Scooter Braun Used to Worry 'Every Night' that Justin Bieber Was 'Going to Die' of an Overdose
LatestEarlier this week, Justin Bieber’s longtime manager Scooter Braun sat down with Van Lathan’s The Red Pill podcast (via Page Six) and gave an uncharacteristically candid interview. In it, Braun reveals JB’s past bad behaviors (DUIs, arrests, lawsuits, etc) worried him to the point where he feared the young singer was going to die. He said:
“There was a time when I would go to sleep almost every night when he had the money to fly away from me and I was worried every night that I was gonna lose him. That was the time when I was telling him he’s not allowed to work. He used to yell and scream at me and he wanted to put music out. He wanted to tour, but I thought if he did that, he would die. So I just refused. We weren’t making any money, it wasn’t like I was trying to take advantage. I didn’t want him to work, I wanted him to get healthy.”
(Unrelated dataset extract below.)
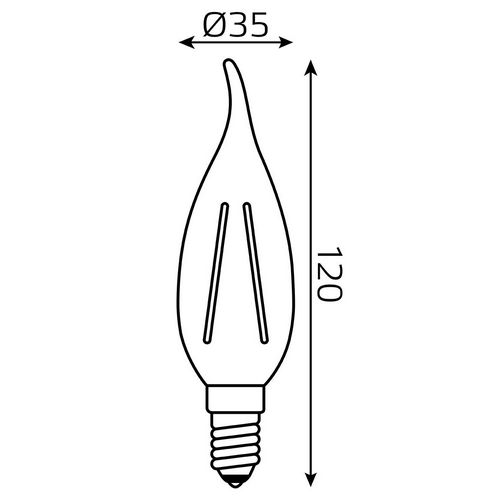 Лампа светодиодная Gauss Black Filament диммируемая прозрачная 35 мм, мощность - 5 Вт, цоколь - E14, световой поток - 450 лм, цветовая температура - 4100 K, нейтральный белый свет, форма - свеча на ветру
Braun saying that he “wasn’t trying to take advantage” of Bieber feels like unusually defensive language to me, but it’s more understandable when you recognize that Braun’s discovery of Bieber when he was just a kid more or less made his career.
Then, without revealing too much (namely, what substances Bieber was abusing and the extent of its damage,) Braun admits to having attended Al-Anon meetings when things got serious:
“I thought he was going to die. I thought he was going to sleep one night and that he would have so much crap in his system that he would not wake up the next morning. I was trying to monitor him from a distance, I would fly after him at times, all kinds of different stuff…
I think that he made a conscious choice for himself to change. For a year and a half, I failed miserably trying to help him because for a year and a half he didn’t change, and I made every effort you can imagine. It wasn’t until one day he woke up and said, ‘Hey, I need to talk to you. I don’t want to be this person anymore.’ And he made the decision to change, and actually put that into action, and the result is who he’s become today, and that is the result of his own decision, no one else’s.”
Call me cynical, but I think we’d all benefit from hearing what exactly Braun means by “I made every effort you can imagine”—the guy certainly has fiscal concerns that might not overlap with instructing Bieber to take a break from working and get help ASAP, but I digress.